Bunları söyleyen kişi üç gün sonra açlık sınırının altındaki bir ücreti uygun görmeyi ancak işveren ve hükümet ağzıyla savunabilmektedir. Ayrıca kendisini çok da sevinçlidir, çünkü karşı taraf 4+4 önermiş, Türk-İş’i olarak kendileri bunu bir puan artırmışlardır!
Karara bağlanan bu sonuç daha ilk toplantıda belli idi. Hükümet adına toplantıya giren sayın bakan, Hükümet programında yüzde 6 artış öngörüldüğünü, bunun biraz üzerine çıkabileceklerini zaten söylemişti. Tam da kendisinin söylediği gibi oldu. Türk-İş bir kez daha yapılan asgari ücret hesaplarında etkisiz eleman olarak kayıtlara geçmekle kaldı.
Asgari Ücret Komisyonu sağlıklı bir işleyişe kavuşturulmadan, asgari ücretin belirlenmesi bilimsel kriterlere dayandırılmadan ve temsilde, kararların alınmasında demokratik bir yapı sağlanmadan, grev hakkı üzerindeki yasaklar kaldırılmadan Türkiye’nin asgari ücret sorunu bitmeyecektir.
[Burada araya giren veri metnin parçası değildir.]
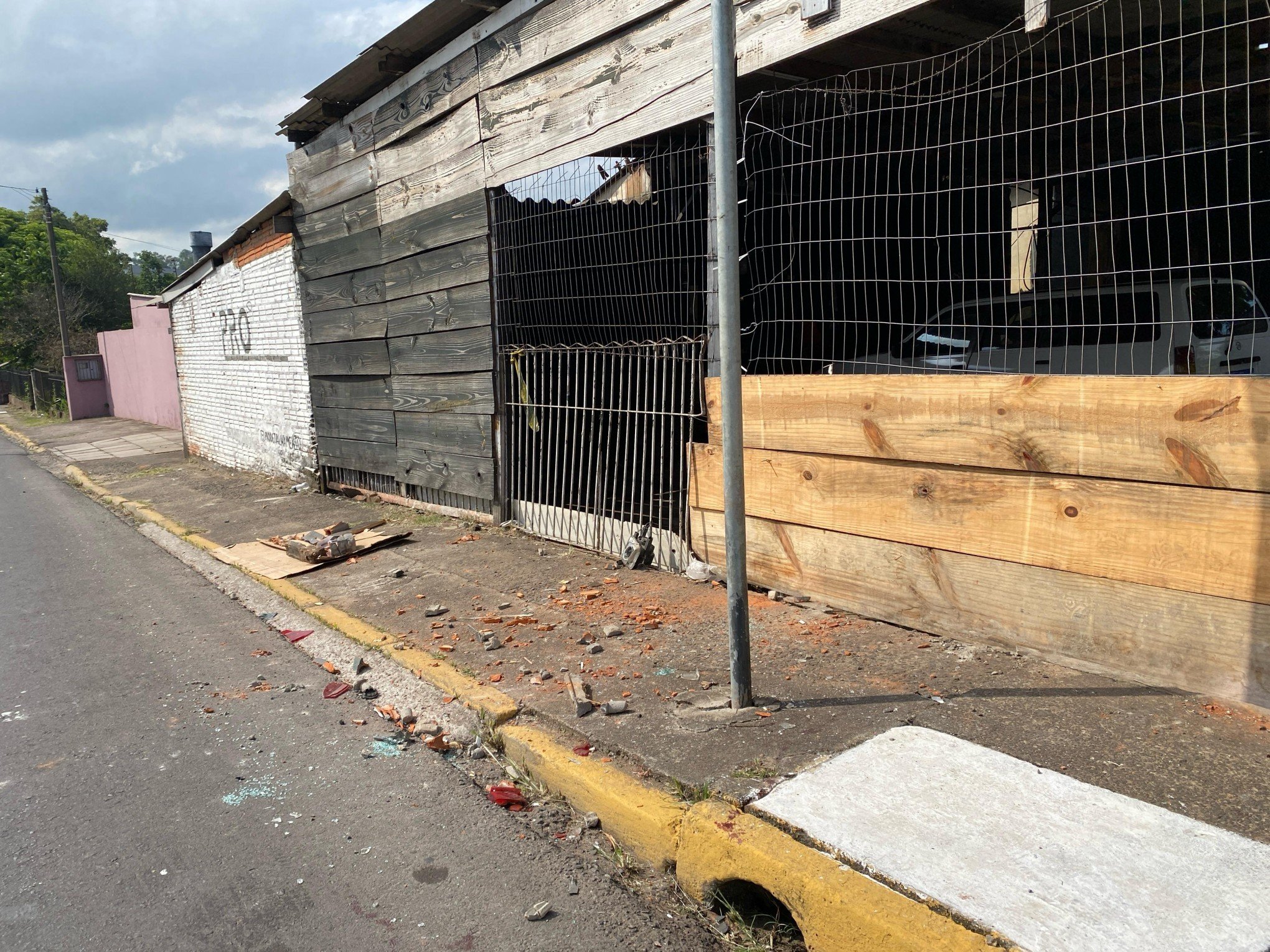 Corpo de homem que morreu após acidente de trânsito em Novo Hamburgo será velado a partir desta noite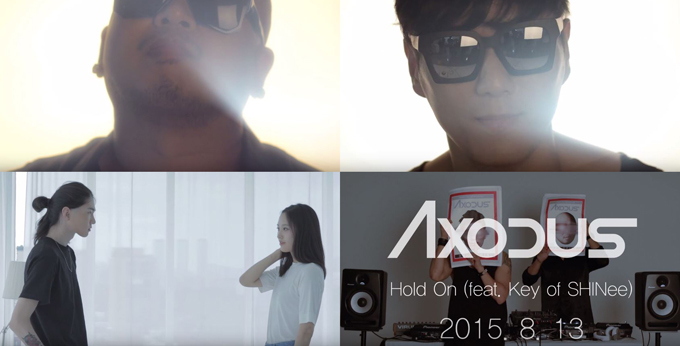 AXODUS《Hold On》預告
Türk-İş kalesi düştü muhabbetinin anlamsızlığı
Asgari ücret tartışmalar tam da Türk-İş genel kurulunun sonrasına denk geldiği için aynı dönemde sürmekte olan AKP, Türk-İş’i de ele geçirdi muhabbetiyle örtüştü.
Sırça köşklü, plazalı medyamızın “Kemalist” köşe yazarları işte Türk-İş artık AKP’nin denetiminde, asgari ücretteki 14 yıllık muhalefetine son verdi diye verip veriştirdi.
Bu türde
n yorumlara gülsek mi ağlasak mı karar vermekte zorlanıyoruz. Birincisi Türk-İş bu düzenin temel taşlarından biridir. Taktik gereği iktidarda kimin borusu bulunuyorsa ona eşlik eder, aynı notadan çalmaya özen gösterir. Hatırlatmak gerekirse Türk-İş siyasi terminolojide “oportünizm” olarak da tanımlanacak “partiler üstü politika” yapar.
Türk-İş’in özellikle tek partili dönemlerde iktidardan ayrı düştüğü çok nadir görülmüştür. O nadir görülen zamanlarda da mutlaka yönetimlerin denetiminden kaçan bir zemin bulunduğunu söylemek pek yanıltıcı olmaz.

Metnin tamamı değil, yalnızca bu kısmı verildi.